Uno scatto di dignità, la famosa porta sbattuta in faccia alla Regione dopo anni di angherie. La classica goccia è caduta a dicembre scorso, quando la Regione ha nominato Carlo Montanino commissario dell’Arit, dopo averci già provato un anno prima con Paolo Menduni, nomina poi contestata dalla procura della Corte dei Conti. Una sovrapposizione, un atto di sfiducia: Di Minco, avvocato e consulente in diritto delle tecnologie dell’informazione, ha sopportato e poi è sbottato. No, nessuna parola grossa, nessuna lite, non è nel suo stile. Una letterina secca, senza neppure uno straccio di motivazione: manco quella soddisfazione gli ha dato al presidente della Regione.
Che per metterlo all’angolo, ne ha pensata una più del diavolo. Come l’emendamento che ha fatto approvare dal consiglio regionale a dicembre scorso per nominare Montanino: una modifica alla legge regionale che ha stabilito che la scelta del commissario straordinario spettasse proprio alla Regione:
“Nelle more della riorganizzazione strutturale e funzionale dell’Agenzia, il presidente della giunta regionale individua, con proprio decreto, un commissario straordinario col compito di insediare e rendere operativa l’Aric in relazione alle nuove e ulteriori funzioni ad essa attribuite dalla presente legge, senza interferire con le normali modalità di funzionamento della struttura informatica”.

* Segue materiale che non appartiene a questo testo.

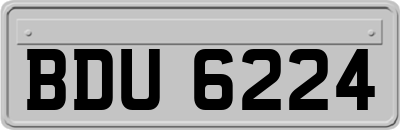 BDU6224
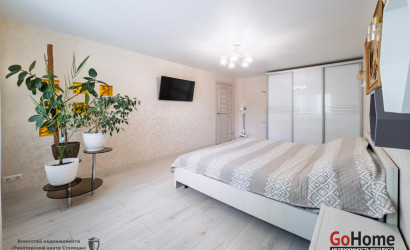 Купить 3-комнатную квартиру, Минск, Колесникова, 10(Фрунзенский район). Фото 13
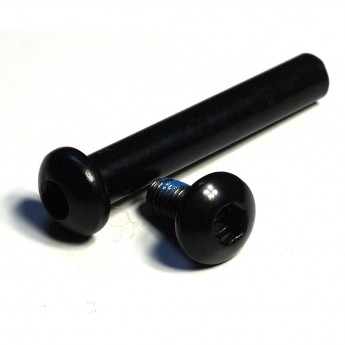 Аксель-болт MICRO MERLIN KX-8*60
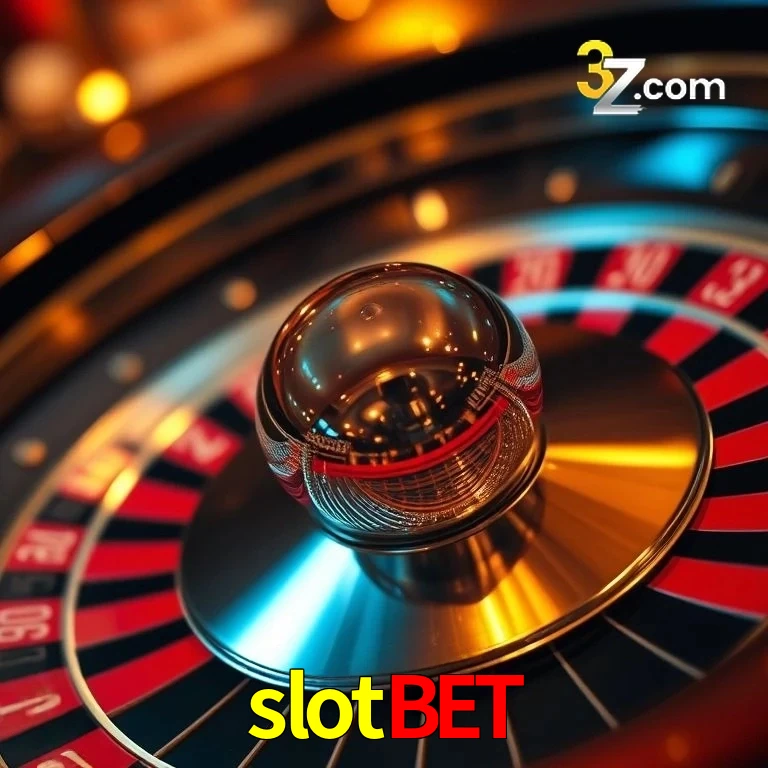 slotbet Eventos VIP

Ma cosa deve fare di tanto importante l’Arit? Dovrà realizzare la famosa centrale unica degli acquisti, o soggetto aggregatore: una struttura che dovrà gestire gli appalti di tutti gli enti pubblici della Regione, maneggiando milioni di euro. Quindi occorre una figura di fiducia, ha pensato la Regione che fino a questo momento ha considerato l’Agenzia un carrozzone da utilizzare come ufficio di collocamento, buono soltanto ad assumere e pagare consulenti. Ma il tam tam di questi giorni racconta anche di malumori fortissimi dentro l’Agenzia, anche nei confronti del direttore dimissionario, colpevole secondo molti dipendenti di non averli difesi con D’Alfonso. Insomma, offese e insulti rivolti al personale dell’Arit da parte del governatore, che Di Minco avrebbe incassato senza reagire. Anzi, aveva promesso di organizzare una conferenza stampa in risposta a una lettera con pesanti accuse rivolte all’agenzia, ma poi si è tirato indietro.
Insomma, i dipendenti adesso temono per il proprio futuro: un direttore, due commissari, mancanza di commesse e il nuovo staff che dovrà lavorare alla centrale unica degli acquisti che si insedia al quinto piano di Piazza Unione, mentre loro a prendere insulti.
ps: Non è una bella prospettiva per chi lavora lì dentro. E le dimissioni di Di Minco hanno inferto il colpo di grazia.